32. Cleveland Browns

            Props: The Browns are also shaking things up on offense. We’ve got some fresh faces at the QB position in Seneca Wallace (of former Seahawks fame), Texas rookie Colt McCoy, and veteran Jake Delhomme. Like for St. Louis, it’s a start. They also did not have a half-bad draft (I’d grade them above average) – a new running back and a wideout may be the beginning of offensive rebuilding.

            Slops: The Browns were a disaster last season.  Ok. Maybe disaster is too nice of a word. How about the usual problems? Lack of discipline and cohesiveness, inability to score, and not enough coverage to be even PG-13 rated, and the crippling depression that was playing in Cleveland got so bad that Eric Mangini considered signing LeBron James (shame he’s now got to do that for the Dolphins). Additionally, the Browns suffered from terribly conservative play calling. I watched them during a tailspin against Baltimore last season (or maybe the year before) There they were, being pummeled on Monday Night Football, sixteen in the hole, and they were messing about with short runs and rinky-dink slant passes – throw the ball downfield, please! If you want to score, you need to put some urgency into it. If they do change the plays to take more risks, they’ve now got one of the league’s biggest pick-tossers in Delhomme. Darned if you do, darned if you don’t.

33. Tampa Bay Buccaneers

            Props: Defensive end Gerald McCoy. Also: Rookie QB Josh Freeman is 22 years old and has lots of room (and time) for improvement. Oh, and they’re pretty close to Disneyworld, does that count?

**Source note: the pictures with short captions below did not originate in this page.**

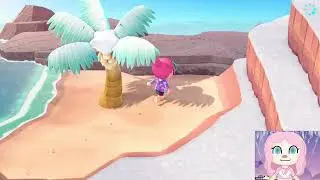 Animal Crossing Adventures, new update 1/19/26 (Part 13/20)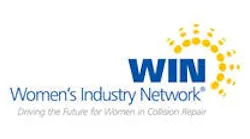 Women's Industry Network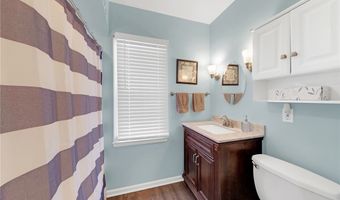 1449 Westvale Ave, Akron, OH 44313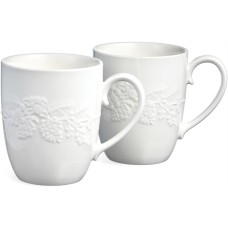 Набор кружек LEFARD НАБОР КРУЖЕК 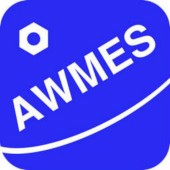awmes智能运维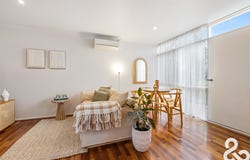 8/100 Collins Street, Thornbury, Vic 3071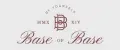 Base of Base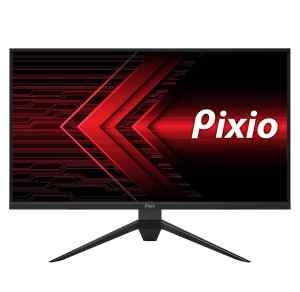 Pixio Prime Neo V2 27" (PX277) gaming monitor.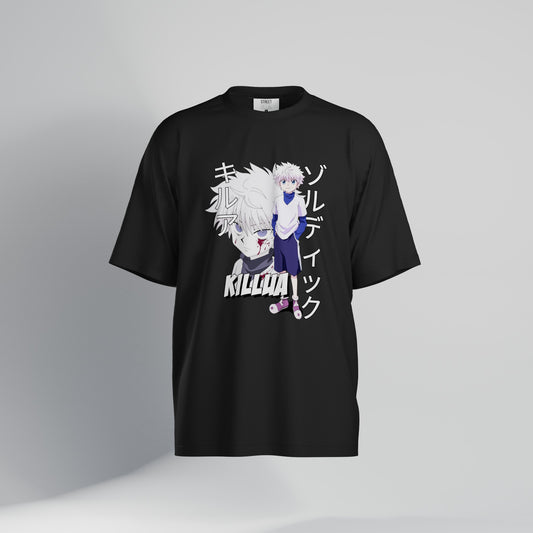 killua_black_front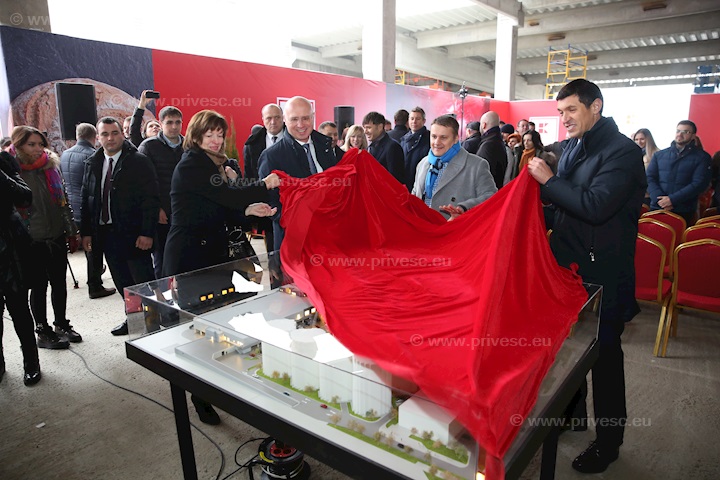 Fotografie eveniment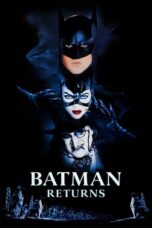 Nonton Film Batman Returns (1992) CINEKEREN
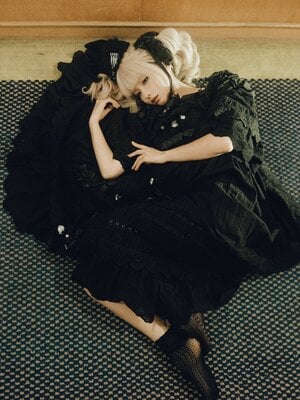 蠢沫沫 –金丝雀_C (3)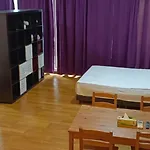 Regalia Suite 21-12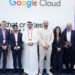 Ooredoo تونس تتعاون مع Oredata وGoogle Cloud للمساهمة في تطوير تجربة الحرفاء والتسويق باستخدام الذكاء الاصطناعي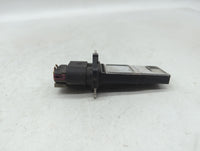 2009-2016 Chevrolet Impala Mass Air Flow Meter Maf - Oemusedautoparts1.com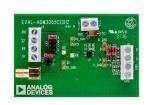 EVAL-ADM3065EEB1Z electronic component of Analog Devices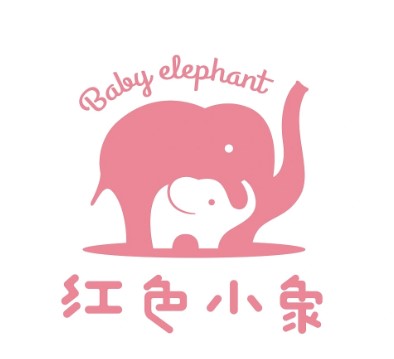 儿科医生沐浴露,新生宝宝沐浴洗发露二合一推荐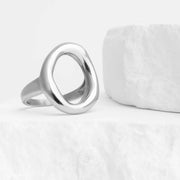 Nona Ring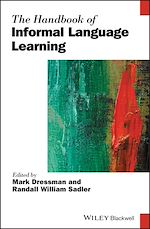 Download this eBook The Handbook of Informal Language Learning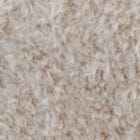 Sheepskin, Beige swatch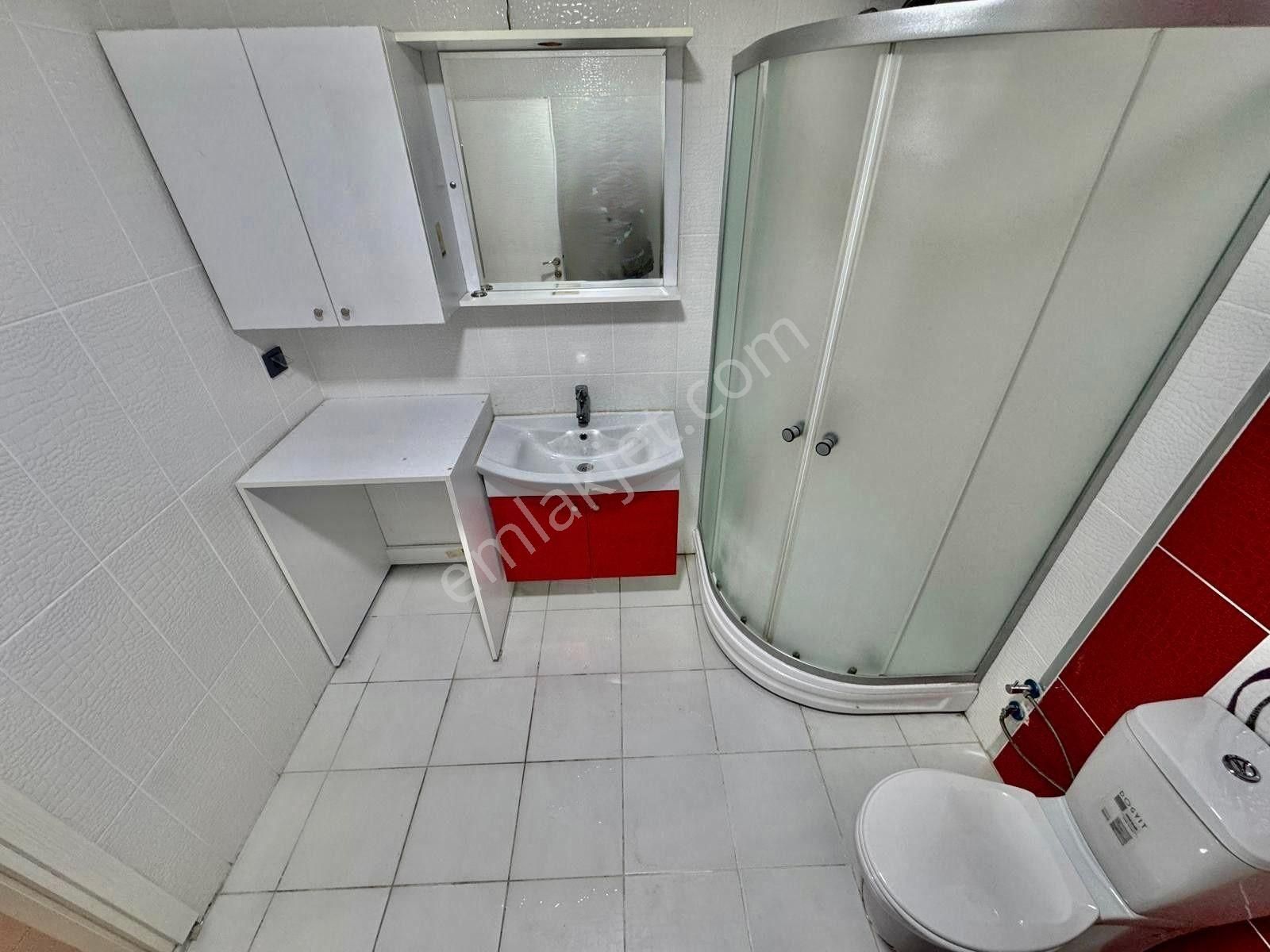 ▓zeytinli Gayrimenkul'den Geniş Ailelere Özel & Yatırımlık 3+1 Satılık Daire - Görsel 16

            Slops: So look what happened last year. The Bucs win for a while, Gruden goes to ESPN because he wants to be on television, Raheem Morris, who is rather defensive-minded, comes in, and the Bucs proceed to go 3-13. They start Byron Leftwich at QB, who loses three in a row. They start Josh Johnson, he blows four in a row. They start Josh Freeman, who wins one at home against the Packers (a fluke in every sense of the word as the Bucs seem to have Green Bay’s number regardless of where they play) and then drops the next five in gut-check fashion. They won the last two, getting their first road win since…uh…some time in 2008. It’s not so much that they look hopeless – it’s their utter collapse, after years and years of making the playoffs (I believe six years between 1999-2009 counts as “years and years” in recent memory) that makes the apparent hopelessness seem an order of magnitude worse as it was their worst record since 1991.

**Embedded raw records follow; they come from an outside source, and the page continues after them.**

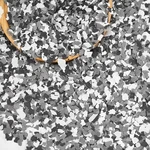 Taiyin 2.8 Kg/ 6.17 Lb Blend Decorative Color Chips Epoxy Flakes For Garage Floo New. Price: $45.85.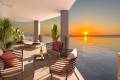 New Build - Apartment - San Javier - San Javier Centro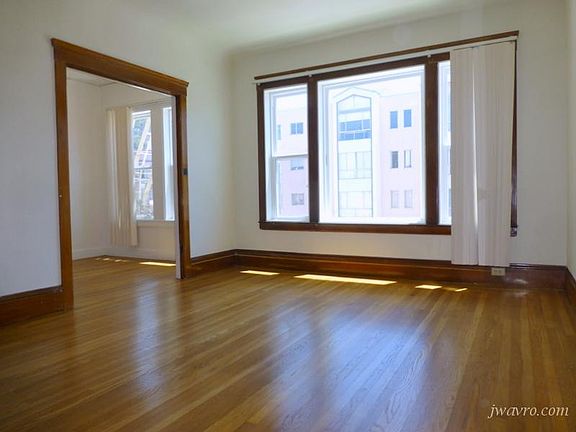 2nd image of 1391 8th Ave #9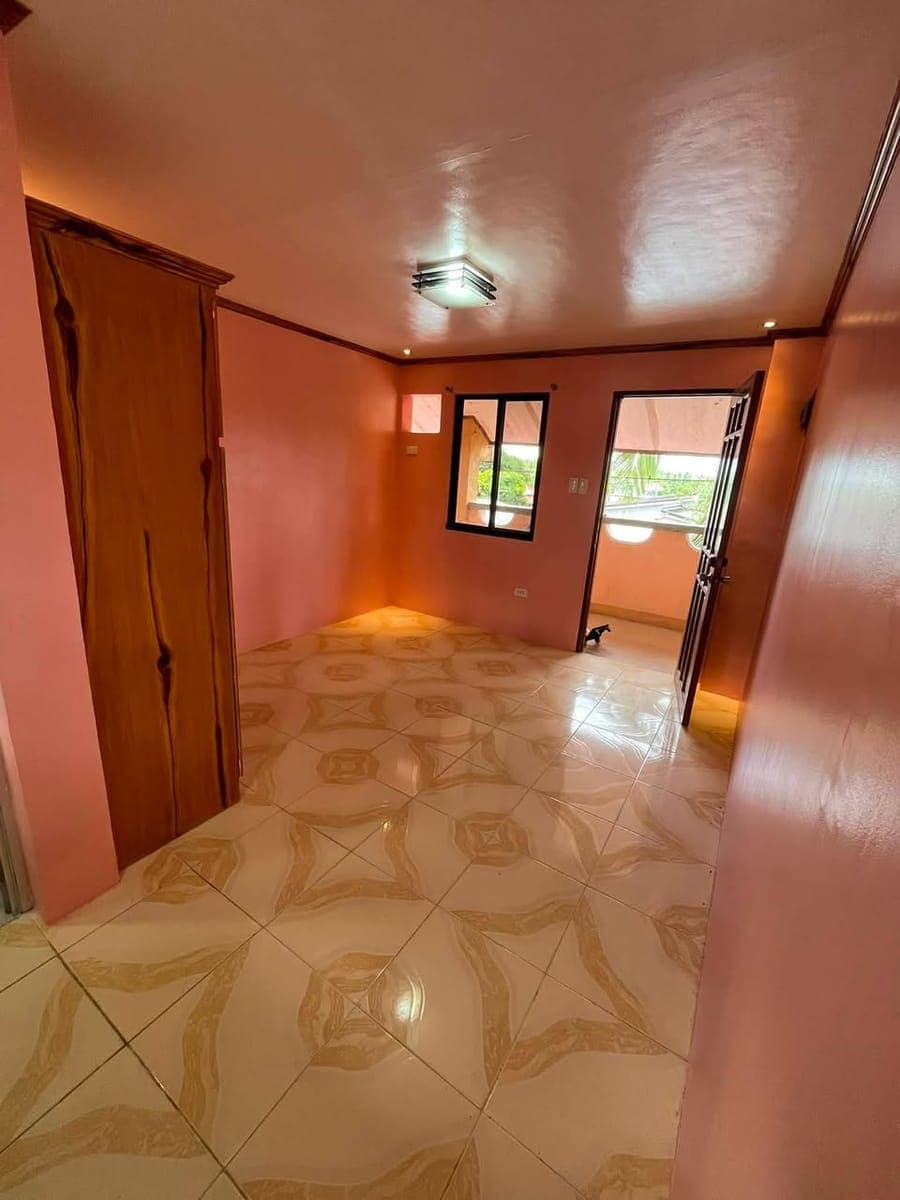FOR RENT STUDIO TYPE 🏠 - photo 2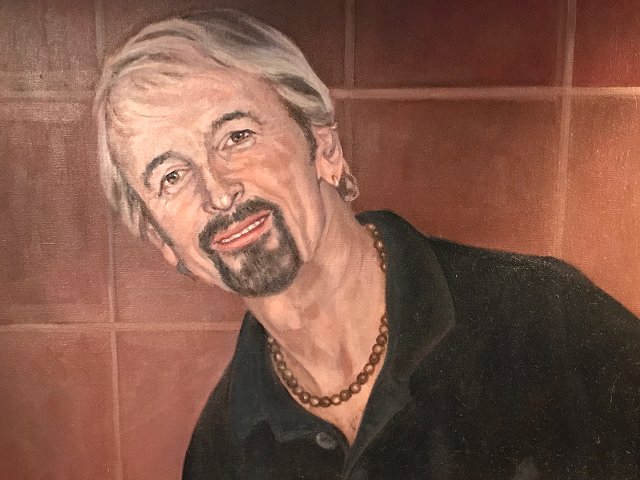 portrait41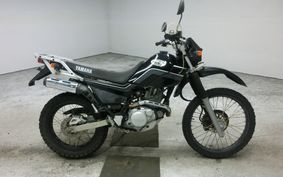 YAMAHA SEROW 225 WE DG08J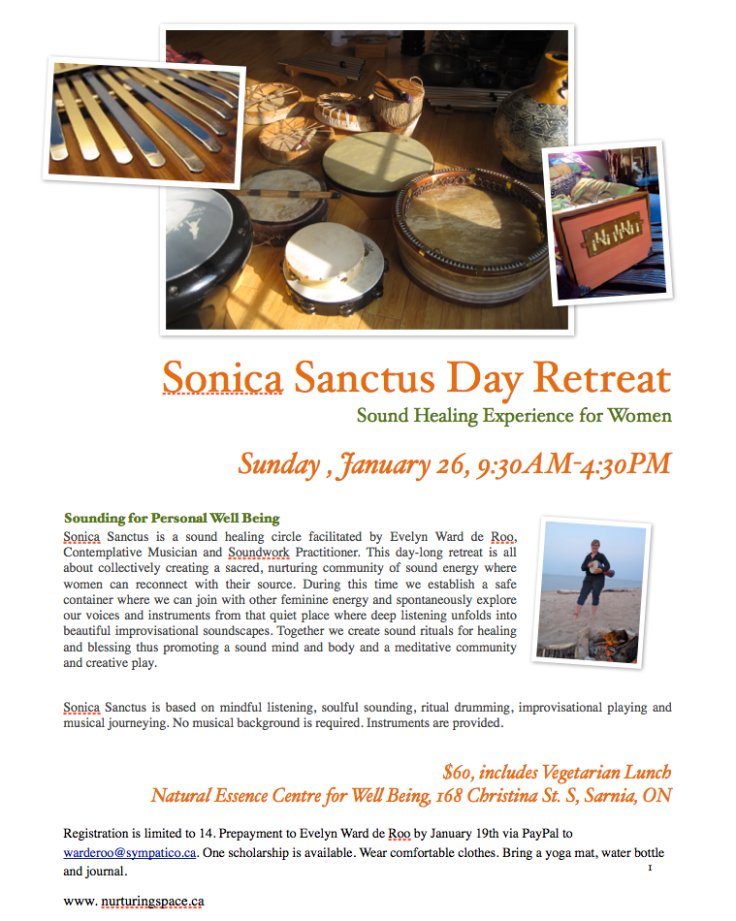 Screen Shot 2013-12-06 at 2.48.32 PM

Anyway, that concludes our power rankings. I have regaled over the great, roasted the terrible, and raised question marks in between. None of this is gospel, and I subscribe to most peoples’ notions that anyone can be anyone on any given day. Let’s hope the season is an exciting one, full of underdogs, upsets, devastating blowouts, daring comebacks, and lots of amusing melodrama. For now, this is MC, signing off. Coming up soon: The First Ever Second and One Reader Challenge.

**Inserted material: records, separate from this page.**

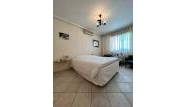 Resale - Villa - Torrevieja - Aguas Nuevas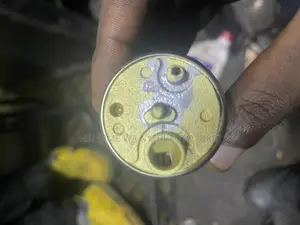 Fuel Pump for Belta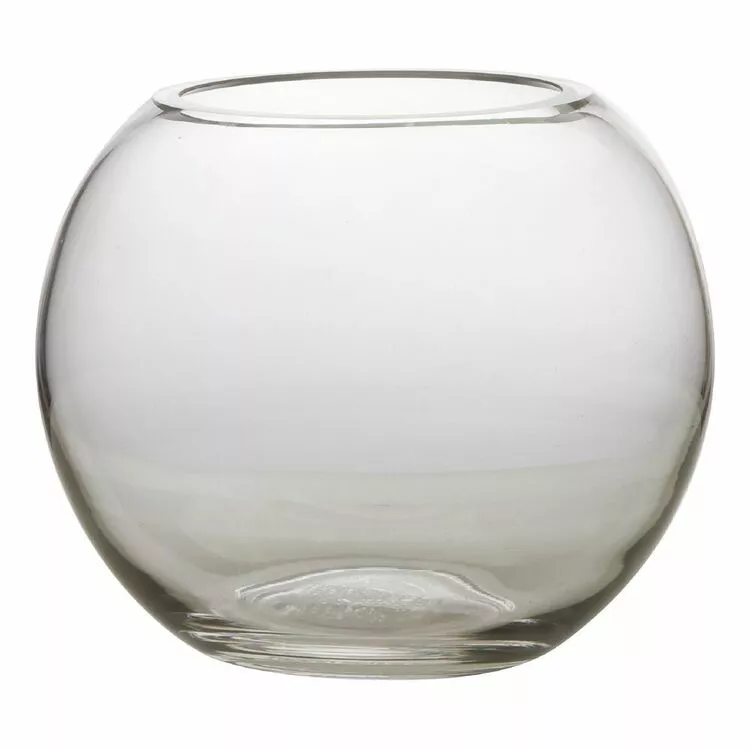 Maxwell & Williams Diamante Rose Bowl Gift Boxed 4 Maxwell & Williams Diamante Rose Bowl Gift Boxed - Image 2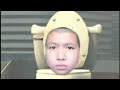 Windah Basudara Nyanyi Skibidi Toilet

*And yes. I crunched a LOT of numbers for this one for the sake of statistical validity. Even the Chiefs do not have such a large disparity, and for teams that are closer to .500 (ie, the Bears), the difference between margins becomes much smaller. Additionally, one has to realize that these numbers (especially the defeat number) becomes less important the smaller the sample size “N” becomes, to where it’s effectively meaningless eventually. Oh no, the Saints had an average margin of defeat by 8 points! So what? They only lost three games all season.